Les gouvernements occidentaux sont pour la plupart surendettés alors qu'ils assistent, impuissants, à l'érosion de leur pouvoir fiscal qu'ils ont pourtant même encouragé

Comment rétablir l'autorité de l'État afin d'éviter une crise fiscale qui le menace dans son intégrité même, se demande Brigitte Alepin dans son dernier essai, La crise fiscale qui s'en vient.

«Les régimes d'imposition ont été attaqués par la mondialisation et par la défiscalisation des entreprises, par la popularité grandissante des paradis fiscaux et du commerce électronique, et par la multiplication des fondations de charité, écrit-elle. Chacun de ses facteurs suffirait à lui seul à ébranler les régimes d'imposition. Réunis, ils les poussent à la faillite.»

L'essayiste scrute minutieusement les amendements législatifs, les décisions des tribunaux, les comportements des très grandes entreprises ainsi que les grandes statistiques colligées par les organismes internationaux.

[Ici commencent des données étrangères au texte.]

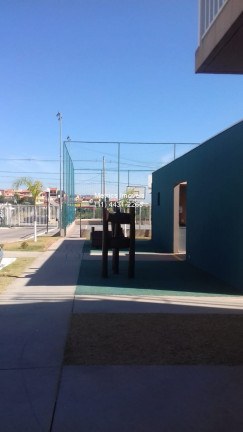 Imagem Imóvel com 2 Quartos à Venda, 50 m² em Nova Cidade Jardim - Jundiaí Imagem Imóvel com 2 Quartos à Venda, 50 m² em Nova Cidade Jardim - Jundiaí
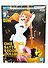 Фигурка-аниме Ван Пис One Piece Battle Record Collection Нами Nami (15см) (BNS1112) - 1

Son constat est sombre et inquiétant : l'État dans les économies avancées perd son pouvoir d'imposition, ce qui laisse toute la charge de ses responsabilités sur les épaules des contribuables, à l'exception notoire des très riches qui parviennent à échapper à l'emprise du fisc.

«La formule "moins d'impôt, moins de gouvernement" servirait davantage les intérêts des très riches que ceux de la classe moyenne», lance-t-elle d'entrée en jeu, en affirmant son parti pris pour l'équité fiscale qu'elle définit comme la répartition de la charge fiscale en fonction de la capacité de payer de chaque contribuable.

C'est ce principe même qui est attaqué depuis le triomphe du libéralisme, déplore-t-elle.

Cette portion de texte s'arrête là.